AS EVERY LAW STUDENT KNOWS, you can’t plead necessity to a murder charge. It’s no defence that you ate the cabin boy on a lifeboat to avoid starvation though he might have died anyway. And if the lifeboat is overfull and in danger of sinking, it’s the non-essential crew members who must swim for it before the passengers.
But what do we say of the Moslems on the refugee boat from Libya bound for Italy who turned the voyage into a theological debate and then consigned Christians to their Maker in the open sea? Can they plead that God legislated the murder through the medium of Islamic texts – for that is essentially what they did?

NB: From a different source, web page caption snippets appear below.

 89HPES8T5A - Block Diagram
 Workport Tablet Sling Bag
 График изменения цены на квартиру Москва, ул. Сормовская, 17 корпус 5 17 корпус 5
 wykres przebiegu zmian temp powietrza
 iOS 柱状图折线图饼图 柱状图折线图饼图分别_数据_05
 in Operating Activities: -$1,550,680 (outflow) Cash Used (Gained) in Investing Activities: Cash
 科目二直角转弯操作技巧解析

It’s nothing new. From the Middle East, to Africa, to Asia, indeed even in Europe and the Americas, the evidence is that Christians are being persecuted and murdered for their faith by Islamists who dare to say they serve God. We think particularly of the Coptic Christians butchered in Libya, the slaughter – just kids – at Garissa University College in Kenya, and only this week reports of beheadings and shootings of Ethiopian Christians. With Holocaust Sunday (April 19) in mind, the evidence is that this persecution of our Christian brothers and sisters is not random but systematic.

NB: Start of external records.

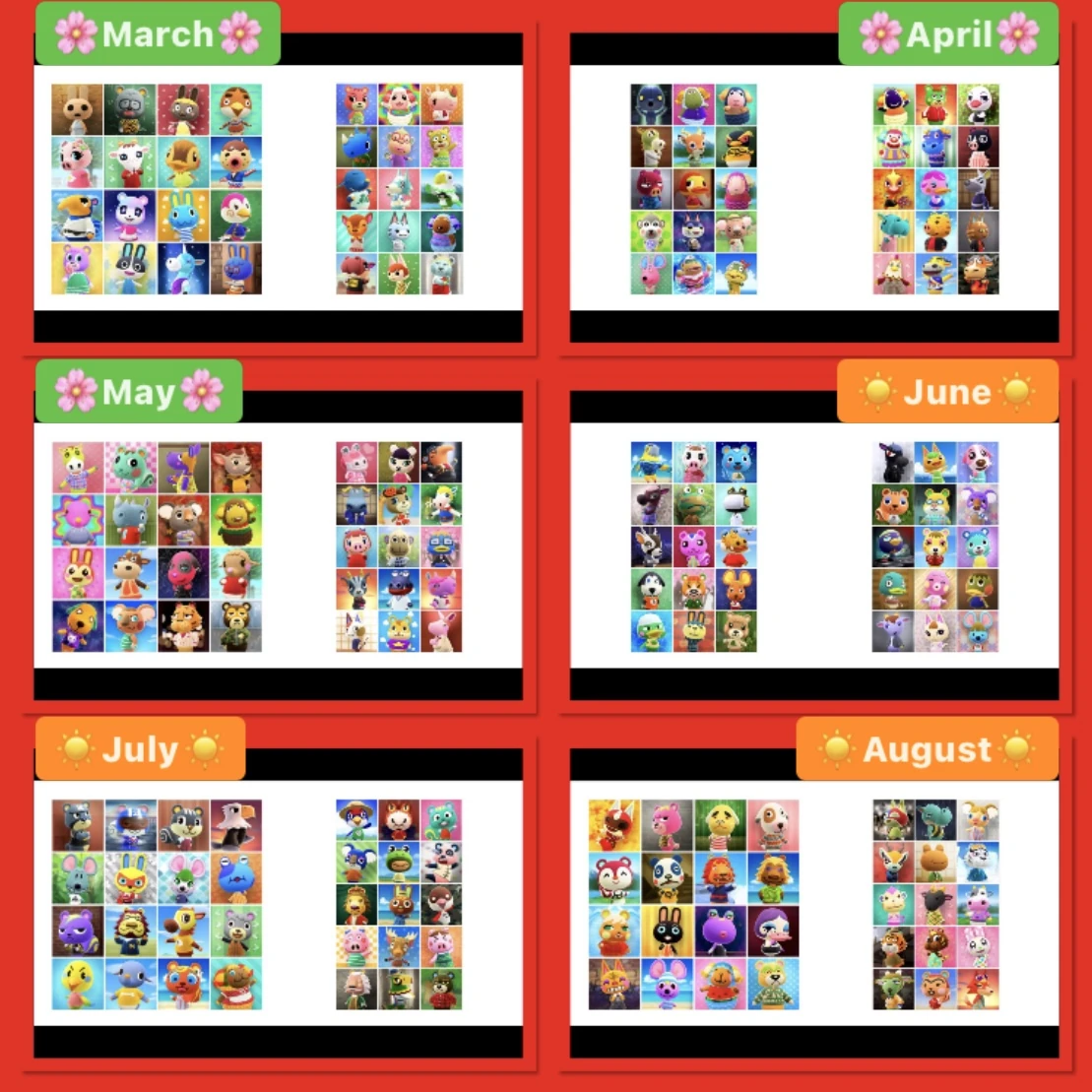 Animal Crossing Birthdays (366 Characters) Fandom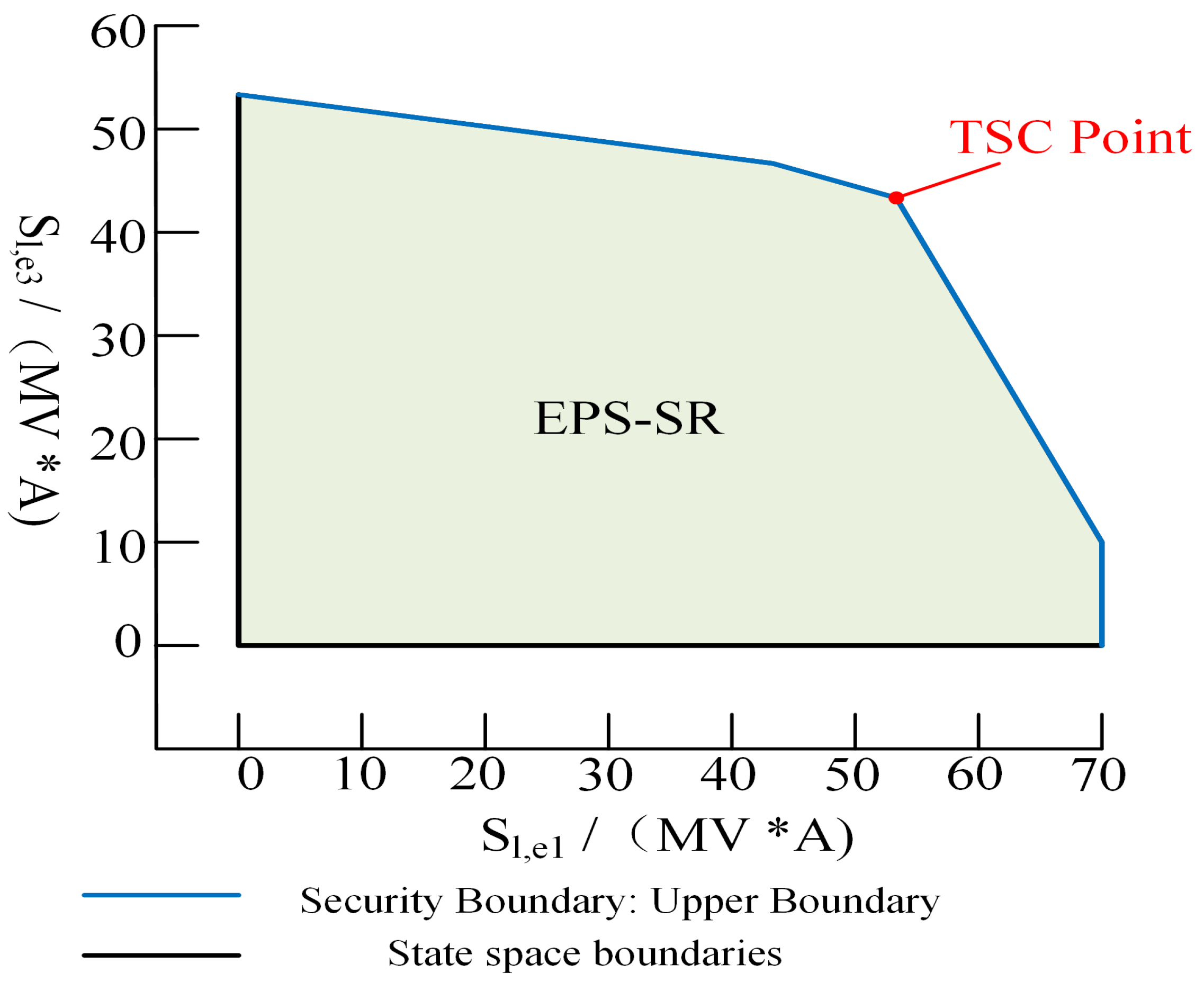 Energies 18 01153 g006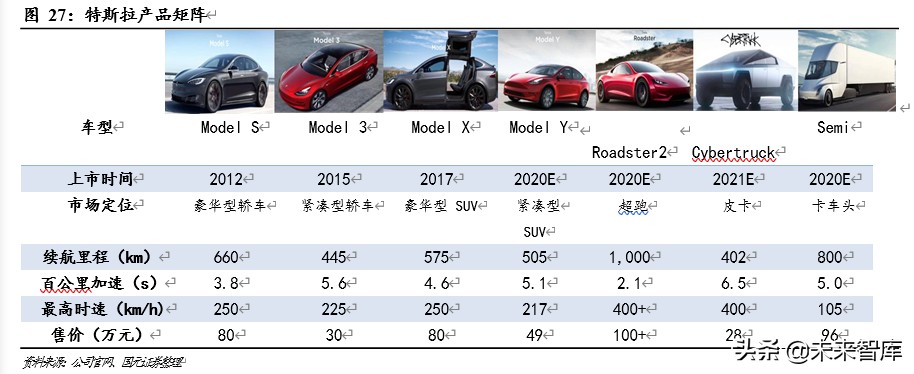 新能源汽车专题报告：领跑者特斯拉的崛起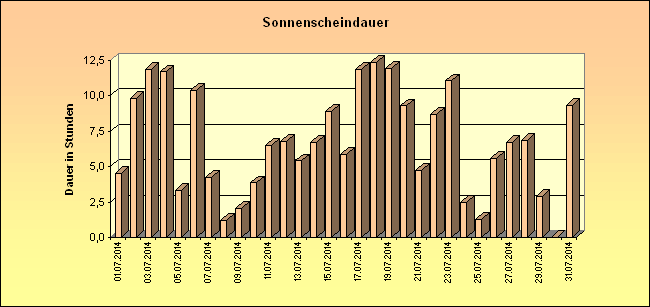 ChartObject Sonnenscheindauer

What is our response to be? Surely, if we are not with them we are against them. In remaining silent we are complicit in the persecution. As Pope Francis has said, these terrible things call our own humanity into question. Must we remain complacent and silent in the face of evil, in face of men who project upon God their own foulness?
Surely the time has come to raise a crusade of care, a crusade which begins not with swords of steel but of resolve, of protest, of prayer. Let that response be summoned by bells in every Christian parliament, from every tower of our churches and, yes, every minaret worth its name as a place of God.

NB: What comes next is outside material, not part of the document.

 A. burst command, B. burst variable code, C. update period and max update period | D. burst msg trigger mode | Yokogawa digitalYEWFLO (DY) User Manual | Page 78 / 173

If that level of courage seems to overwhelm us from the present safety of these shores, then embrace a symbol. Think simply of a boy, a 14-year-old Pakistani kid, Nouman Masih, who this last week was asked “Are you Christian or Moslem?” and who was torched and died a martyr’s death for his answer. To remember him in candles of prayer is something we can all do. It will give him a voice. It may even be the voice of Jesus.